Notably, the shift in employment from agriculture to manufacturing is almost twice as large for women as for men in treated districts; for every increase of 100 ha in SEZ built-up area, female manufacturing employment increases by 4.5 pp, compared to 2.7 pp for males (Figure 2, top row). Moreover, the documented shift from agriculture to manufacturing is almost entirely driven by the effect on individuals living in rural areas; the effect on individuals living in urban locations is not statistically significant at the 5% level (Figure 2, bottom row).

Figure 2: The Impact of SEZ exposure by gender (top row) and location (bottom row)

The Impact of SEZ exposure by genderThe Impact of SEZ exposure by location

Notes: The green dots indicate the coefficient estimates representing the effect of a 100 ha increase in built-up area and the green vertical lines indicate 95% confidence intervals.

At the same time, our research suggests that the economic benefits of SEZs in Vietnam extend beyond the factory gates. Benefits spill over into the local economy, resulting in higher earnings for workers in private domestic firms and local household businesses, in both agriculture and services. We also document significant improvements in working conditions, as measured by workers’ labour contracts and social insurance registration status. Once again, these positive effects are mostly driven by women.

Lessons from Vietnam: A model for success?

Our research paints a remarkably positive picture: Vietnam’s SEZs have successfully driven structural transformation, creating better, more formal jobs, and raising local earnings and working conditions through positive spillovers. These benefits have been delivered inclusively, particularly empowering women in rural areas.

However, it is important to recognise that SEZs are not a panacea, and that their success in Vietnam does not guarantee success elsewhere. They do not operate in isolation and their effectiveness was enabled by a broader ‘development bargain’ (Dercon 2022)—a commitment by the country’s elites to a range of complementary policies that created a fertile ground for SEZs to thrive.
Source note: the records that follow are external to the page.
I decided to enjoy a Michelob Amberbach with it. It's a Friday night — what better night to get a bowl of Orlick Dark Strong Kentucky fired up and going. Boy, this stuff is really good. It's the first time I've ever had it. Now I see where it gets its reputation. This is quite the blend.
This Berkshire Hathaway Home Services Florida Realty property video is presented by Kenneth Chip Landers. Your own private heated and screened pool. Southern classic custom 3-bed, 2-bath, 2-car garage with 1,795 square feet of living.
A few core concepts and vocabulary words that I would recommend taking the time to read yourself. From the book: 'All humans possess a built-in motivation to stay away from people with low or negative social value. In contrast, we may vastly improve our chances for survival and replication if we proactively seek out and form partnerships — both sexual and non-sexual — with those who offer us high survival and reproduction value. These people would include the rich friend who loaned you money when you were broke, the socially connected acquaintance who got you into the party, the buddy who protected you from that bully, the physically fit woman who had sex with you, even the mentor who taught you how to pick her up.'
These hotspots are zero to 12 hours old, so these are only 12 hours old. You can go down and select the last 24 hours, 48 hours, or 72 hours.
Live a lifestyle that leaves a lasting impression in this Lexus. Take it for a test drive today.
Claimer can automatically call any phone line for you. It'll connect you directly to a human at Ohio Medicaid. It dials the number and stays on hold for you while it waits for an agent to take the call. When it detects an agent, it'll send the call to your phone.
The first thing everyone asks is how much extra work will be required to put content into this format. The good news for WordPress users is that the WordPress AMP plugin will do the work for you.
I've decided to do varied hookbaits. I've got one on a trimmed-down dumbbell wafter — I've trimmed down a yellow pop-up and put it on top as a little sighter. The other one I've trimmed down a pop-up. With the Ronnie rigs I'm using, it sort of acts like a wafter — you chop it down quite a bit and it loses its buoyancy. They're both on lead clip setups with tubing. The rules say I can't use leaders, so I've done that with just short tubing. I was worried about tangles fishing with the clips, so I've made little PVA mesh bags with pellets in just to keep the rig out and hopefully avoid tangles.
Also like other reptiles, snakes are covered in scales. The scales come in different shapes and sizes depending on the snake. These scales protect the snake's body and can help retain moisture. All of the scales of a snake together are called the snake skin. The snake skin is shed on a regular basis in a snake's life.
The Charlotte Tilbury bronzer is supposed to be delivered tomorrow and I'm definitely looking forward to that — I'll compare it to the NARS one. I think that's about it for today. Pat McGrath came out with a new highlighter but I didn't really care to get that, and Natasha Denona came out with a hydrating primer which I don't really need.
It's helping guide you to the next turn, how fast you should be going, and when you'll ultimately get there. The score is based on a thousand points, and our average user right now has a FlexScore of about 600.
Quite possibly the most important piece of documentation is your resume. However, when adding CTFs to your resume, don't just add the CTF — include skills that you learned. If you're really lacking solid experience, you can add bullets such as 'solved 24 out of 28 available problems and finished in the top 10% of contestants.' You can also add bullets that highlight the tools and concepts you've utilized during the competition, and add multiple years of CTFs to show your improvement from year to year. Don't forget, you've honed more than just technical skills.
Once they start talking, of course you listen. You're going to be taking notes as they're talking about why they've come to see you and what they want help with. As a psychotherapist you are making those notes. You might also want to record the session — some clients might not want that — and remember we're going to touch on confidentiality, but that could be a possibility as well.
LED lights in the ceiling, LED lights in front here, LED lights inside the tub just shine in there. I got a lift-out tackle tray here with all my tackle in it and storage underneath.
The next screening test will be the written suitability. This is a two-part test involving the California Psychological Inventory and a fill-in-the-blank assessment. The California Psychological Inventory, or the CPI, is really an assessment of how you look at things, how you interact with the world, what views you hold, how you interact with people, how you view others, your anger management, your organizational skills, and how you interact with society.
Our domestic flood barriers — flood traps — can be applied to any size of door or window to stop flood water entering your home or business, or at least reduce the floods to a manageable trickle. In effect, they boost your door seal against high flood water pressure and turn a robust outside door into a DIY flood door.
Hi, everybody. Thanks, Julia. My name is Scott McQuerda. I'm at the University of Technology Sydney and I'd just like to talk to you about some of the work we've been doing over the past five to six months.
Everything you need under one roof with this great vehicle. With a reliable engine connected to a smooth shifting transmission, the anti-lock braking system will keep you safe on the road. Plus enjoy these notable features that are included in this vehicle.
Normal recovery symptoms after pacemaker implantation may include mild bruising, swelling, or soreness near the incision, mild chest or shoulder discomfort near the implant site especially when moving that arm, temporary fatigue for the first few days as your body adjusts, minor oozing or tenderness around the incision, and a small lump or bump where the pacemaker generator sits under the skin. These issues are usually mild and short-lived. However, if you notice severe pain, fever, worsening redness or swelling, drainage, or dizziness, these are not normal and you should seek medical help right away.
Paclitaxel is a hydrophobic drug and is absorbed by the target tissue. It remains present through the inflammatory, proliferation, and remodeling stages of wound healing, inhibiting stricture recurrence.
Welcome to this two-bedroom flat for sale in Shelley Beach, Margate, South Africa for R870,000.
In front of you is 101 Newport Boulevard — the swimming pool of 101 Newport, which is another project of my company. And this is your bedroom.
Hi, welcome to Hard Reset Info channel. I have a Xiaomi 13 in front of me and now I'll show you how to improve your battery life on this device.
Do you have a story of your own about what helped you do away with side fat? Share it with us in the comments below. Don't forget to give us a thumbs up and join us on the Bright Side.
Key among these were (i) the creation of a conducive investment climate, facilitated by an open trade and investment regime and complemented by domestic economic policies; (ii) decentralisation and administrative capacity (and commitment) at various levels of government, especially at the provincial level; and (iii) and an education system capable of equipping workers with the skills needed in the country’s growing manufacturing sectors.

The evidence presented adds to the debate by showing how SEZs are the physical locations where structural change and growth with inclusive characteristics—favouring women in rural areas—are taking place. In our view, they can form an important element—albeit only one—of an outward-oriented development strategy. A fruitful area for future research would be to examine how the nuances and implementation details of a particular SEZ programme, as well as complementary policies and other contextual factors, influence the effectiveness of SEZs, explaining why they are successful in some places but not in others.